Festival de Clermont-Ferrand 2024 2720
©Festival de Clermont-Ferrand

Não, bem pelo contrário. Tudo o que se ouve no som, planificado ou não, pertence ao espaço fílmico, incluindo a continuidade, fabricada ou não na pós-produção, de sonoridades musicais precisas e identificadoras de uma cultura euro-africana que está por detrás da proto-narrativa. No momento em que esta dá lugar ao princípio de uma história – uma menina procura o irmão, narrativa que vai ser cruzada com outras que nos fazem divergir e embalar até ao final sem qualquer esforço de maior – os planos sequência extremamente bem coordenados no plano das localizações, e ainda mais bem concebidos ao nível da entrada em cena dos mais diferentes moradores do Bairro da Reboleira (onde o filme foi rodado e onde certamente a maioria dos actores não são profissionais da representação) asseguram uma crua mas quase hipnótica viagem pelo labirinto de ruas e becos degradados onde pessoas vivem sem queixumes ou choradinhos desnecessários, dizendo sem dizer o que entra pelos olhos dentro.

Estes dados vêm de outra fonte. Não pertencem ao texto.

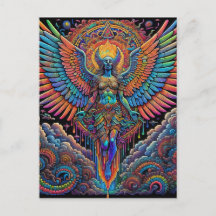 Psychedelisch-farbige Angel Art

Lê Também:   A Zona de Interesse, a Crítica | Um drama inesquecível do realizador Jonathan Glazer

Eles são o lado B de uma sociedade que os não soube ou não quis integrar. Repito, magnífico filme e magnífica prova de que Basil da Cunha merece ser apoiado na continuidade da sua relativamente longa e sólida carreira. Não parecia um homem do cinema quando o Luís Urbano dele me falou nos idos de 2006-2007, numa altura em que ambos davam os primeiros passos, um como produtor e outro como realizador. Todavia, logo que vi os filmes do cineasta luso-suíço, não hesitei em programá-los no Onda Curta. Mas, se ele conhece a marginalidade social como ninguém, pode-se dizer em contrapartida que ocupa um lugar central e de pleno direito no moderno e mais radical cinema de curta-metragem a nível internacional. (100/100)




Terceira aposta, “Quase Me Lembro”, 2023, produção portuguesa da BAP – Animation Studios, realizada por Dimitri Mihajlovic e Miguel Lima. Trata-se de uma animação que me diz muito, porque a defendi com unhas e dentes no júri do ICA que lhe atribuiu o subsídio em 2019. Tenho o maior apreço pela produção de animação, por gosto pessoal de quem antes de se inscrever acertadamente na Escola de Cinema pensou seriamente matricular-se em Belas-Artes, mas igualmente pelo facto de ser aquela que comporta um maior investimento pessoal que não se concretiza num dia nem numa semana de rodagem. Prolonga-se por meses e anos que passam a fazer parte integrante e inequívoca da experiência existencial de quem assume a responsabilidade das suas diversas componentes autorais. Mais ainda quando a animação em causa recorre a processos orgânicos que, não sendo incompatíveis, não se filiam apenas na computação digital. No primeiro minuto, uma voz feminina questiona o avô. Parece claro, sem ser escancarado ou redutoramente explícito, que o seu familiar se enquadra num passado colonial.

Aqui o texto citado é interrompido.